Today, my wife who is a contestant in the Charcutepalooza contest (see Mrs. Wheelbarrow’s blog site) spent much of the day butchering a fresh pork leg so she could comply with this month’s contest, making “noix de jambon,” or as Mrs. Wheelbarrow and Les Grrls call it, “noix de Camont .“ This has been a year-long contest that will finally end after the last challenge next month. As there are 400 contestants from all over the world, including several master chefs, she is not likely to win (although I think she should as she has done everything wonderfully well), but we have learned a great deal about charcuterie. From this one pork leg we will make three “jambons,” two tasso hams, one five pound regular ham, several pork schnitzels, four packages of pork for stew, and a great deal of fat for rendering. All this, along with the pickles, jams, jellies, canned beans, corn, carrots, parsnips, and celery from the garden will help get us through the winter (along with a few other things like garlic and leeks we get from another gardener). This is a great place to live. I can imagine myself refusing to retire, wandering the halls of UCLA endlessly with a “minder,” and otherwise miserable with no other life. I have no regrets about retirement.
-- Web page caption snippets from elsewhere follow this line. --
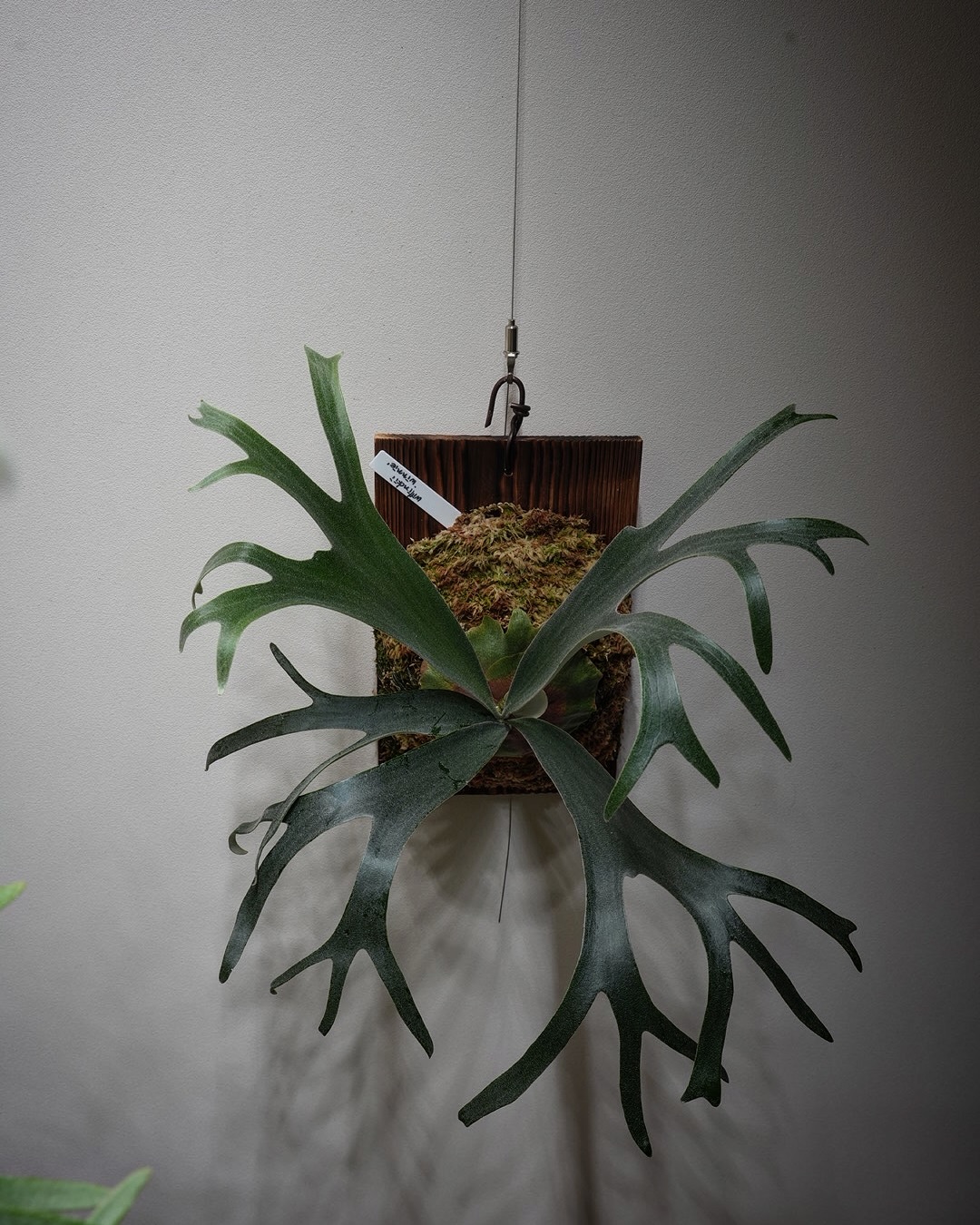 P.willinckii winnie from @big_bell.plants_aqua アルシ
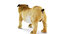 dog bulldog 3D model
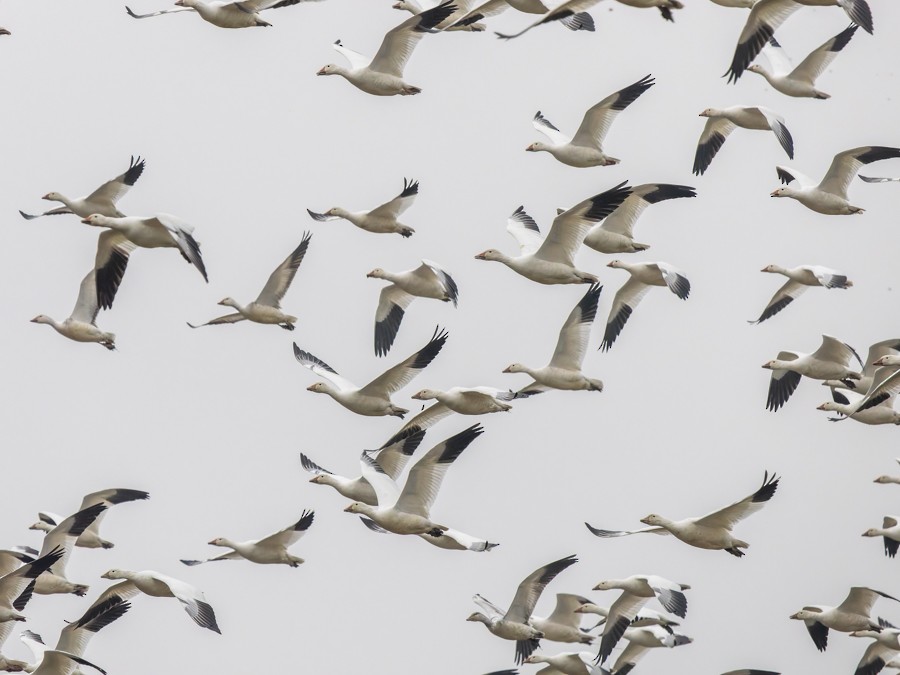 Snow Goose - ML630023353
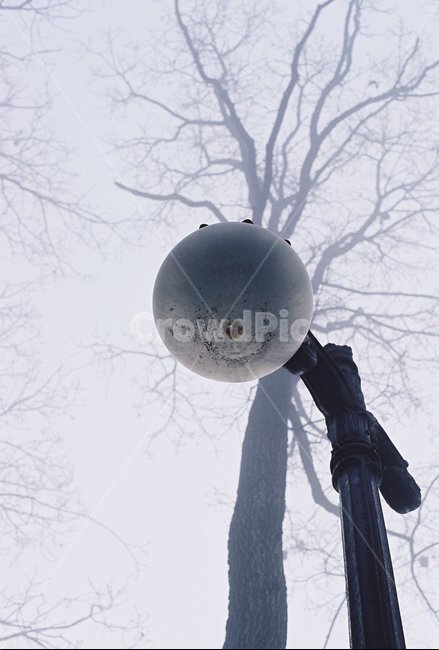 가로등,안개,거리전등,streetlight,lamp,background,electricity,자연,풍경,nature,landscape,sphere,구체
This is, for me, the finest season of the year. I love autumn. The larch are now turning that marvelous golden color and dropping their carpet of needles, the deciduous trees (we don’t have as many of them as I would like)are dropping leaves of yellow, orange, and red, the hay has been harvested and stretches out on the fields, giving a remarkable feeling of peaceful contentment, and the snow is slowly working its way down the mountainsides of the Purcell range to the East and the Selkirk range to the West. The Kootenai valley with its patterned and colored fields stretches out for miles, the marvelous Kootenai River flows through it as it has for centuries (unfortunately without many sturgeon or burbot that once thrived in it), and our attractive little town lies comfortably along its banks as it has now for slightly more than a hundred years. In my dotage I am must more at peace with myself than ever before. I have omitted most of my adult life so far in my discussion of my journey to the West, partly because I think back with so many regrets, so many embarrassing moments, such stupidity, and such remarkably self-destructive behavior, but also because I know so many things about so many others that have affected my life, but that I could never under any circumstances reveal, it makes me understand that a truly complete, honest, and true autobiography is an impossibility.
The rain fell alike upon the just and upon the unjust, and for nothing was there a why and a wherefore.